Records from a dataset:
--- --- ---

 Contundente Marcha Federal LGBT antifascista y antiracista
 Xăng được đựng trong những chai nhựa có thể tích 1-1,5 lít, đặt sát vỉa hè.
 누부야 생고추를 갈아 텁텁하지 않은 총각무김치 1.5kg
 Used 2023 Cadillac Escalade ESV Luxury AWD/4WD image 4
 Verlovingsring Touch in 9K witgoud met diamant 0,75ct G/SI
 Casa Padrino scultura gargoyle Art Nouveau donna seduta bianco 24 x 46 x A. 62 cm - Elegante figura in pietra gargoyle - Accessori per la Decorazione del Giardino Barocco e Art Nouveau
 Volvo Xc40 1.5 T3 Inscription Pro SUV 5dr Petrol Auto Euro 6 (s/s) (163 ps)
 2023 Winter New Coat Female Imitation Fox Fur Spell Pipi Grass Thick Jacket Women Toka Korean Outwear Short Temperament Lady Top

--- --- ---

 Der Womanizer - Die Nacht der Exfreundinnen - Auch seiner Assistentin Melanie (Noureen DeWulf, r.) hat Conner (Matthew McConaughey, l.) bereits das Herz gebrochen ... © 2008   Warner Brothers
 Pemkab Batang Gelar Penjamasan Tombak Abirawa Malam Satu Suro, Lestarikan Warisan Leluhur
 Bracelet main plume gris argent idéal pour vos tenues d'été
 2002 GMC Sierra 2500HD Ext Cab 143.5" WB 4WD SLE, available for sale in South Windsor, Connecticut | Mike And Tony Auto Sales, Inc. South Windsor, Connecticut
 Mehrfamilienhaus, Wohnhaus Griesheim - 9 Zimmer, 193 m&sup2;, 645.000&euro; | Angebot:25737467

--- --- ---

> **PROBLEM REQUIREMENTS**: Above are some records; copy exactly the lines from the one with "Pemkab Batang Gelar" through the one with "Mehrfamilienhaus, Wohnhaus Griesheim", both included, and no others.

> **REPLY TO THE EXERCISE**:
 Pemkab Batang Gelar Penjamasan Tombak Abirawa Malam Satu Suro, Lestarikan Warisan Leluhur
 Bracelet main plume gris argent idéal pour vos tenues d'été
 2002 GMC Sierra 2500HD Ext Cab 143.5" WB 4WD SLE, available for sale in South Windsor, Connecticut | Mike And Tony Auto Sales, Inc. South Windsor, Connecticut
 Mehrfamilienhaus, Wohnhaus Griesheim - 9 Zimmer, 193 m&sup2;, 645.000&euro; | Angebot:25737467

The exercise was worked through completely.